Un samedi de juin, j’étais arrivé en fin de matinée sur les lieux du mariage que je devais célébrer l’après-midi. Je passe au lieu de réception avant de me rendre à l’église où je vais deux heures avant pour prier, saisir l’âme du lieu. La réception se faisait dans un château avec un parc magnifique sous un soleil de rêve. Je vais saluer la fiancée, la rassurer de mon arrivée sur zone : elle est entre les mains de la coiffeuse, entourée de ses témoins, avec le photographe le-plus-discret-possible. En sortant je tombe sur le fiancé qui m’annonce le blême : le vin n’a pas été livré ! La veille au soir, le transporteur était soi-disant venu et reparti, faute de trouver l’accès. Le fiancé venait d’envoyer amis et témoins sillonner les caves des environs, rapporter de quoi boire pour quatre cents personnes. Pas de temps perdu à s’énerver, chercher un responsable : un seul objectif une solution. Et avec quelle délicatesse pour ne pas inquiéter sa future épouse, ni les parents ! On aimerait que beaucoup de nos responsables soient des hommes comme ça, calmes, organisés, pragmatiques, de sang-froid …

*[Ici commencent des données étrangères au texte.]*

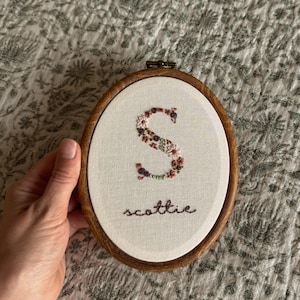 Custom Name Embroidery Hoop, Baby Name Announcement, Wedding Shower Gift, Baby Shower Gift, Mother&#39;s Day Gift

Ce qui me désole chez tant de couples en crise est la façon dont ils se focalisent chacun sur les erreurs de l’autre, les tares de la belle-famille, quand ce n’est pas sur la responsabilité de Dieu à qui ils me chargent de dire leur sentiment de les avoir abandonnés.

Et si nous cherchions une solution ? Qu’est-ce qu’on fait maintenant ?

Troisième réflexion que je voudrais vous livrer sur ces Noces divinement rattrapées, la question que je me pose quand je rencontre certains fiancés, mais c’est tout aussi vrai de projets de vie qui me sont exposés, est jusqu’à quel point, jusqu’où faut-il laisser des personnes se méprendre dans leurs choix, aller dans le mur, se lancer dans des aventures qui feront leur malheur et celui de leur entourage ?

Seigneur, es-tu allé là-bas à Cana, à ces Noces parce que tu savais qu’on aurait besoin de toi ?

Seigneur, si ta Mère n’avait pas fait appel à toi, qu’est-ce qu’il se serait passé ?

Moi-même, dans un autre siècle, il y a bien des décennies, j’ai failli me marier. Qu’est-ce qui fait que, pour ce qui me concerne, j’ai été épargné ? Cela me coûte de le dire tant cela m’avait sur le moment énervé : j’ai été sauvé par les mises en garde de mes proches. Par les prières de ceux qui tenaient à moi. Et, fondamentalement, par l’éducation religieuse que j’avais reçue, ce que j’avais appris en famille, à la messe, au catéchisme, à l’aumônerie, par les autres croyants, à savoir ce que représente symboliquement le « bon vin » de ces Noces : l’amour de Dieu.

Il faudra bien un jour établir une corrélation entre l’absence d’éducation religieuse et l’explosion des échecs conjugaux et des divorces.

Pour l’heure, retenons de ce signe que Jésus accomplit à Cana de Galilée les critères qu’il donne de la Providence divine : quand une aide se propose, quand personne ne se borne à râler ou à accuser, quand on est capable, comme Marie en a donné l’exemple, de dire à Dieu : viens à mon aide, Seigneur, à notre secours.

Qu’est-ce qu’on fait maintenant ? Comme Marie a dit : ce que Jésus nous dira.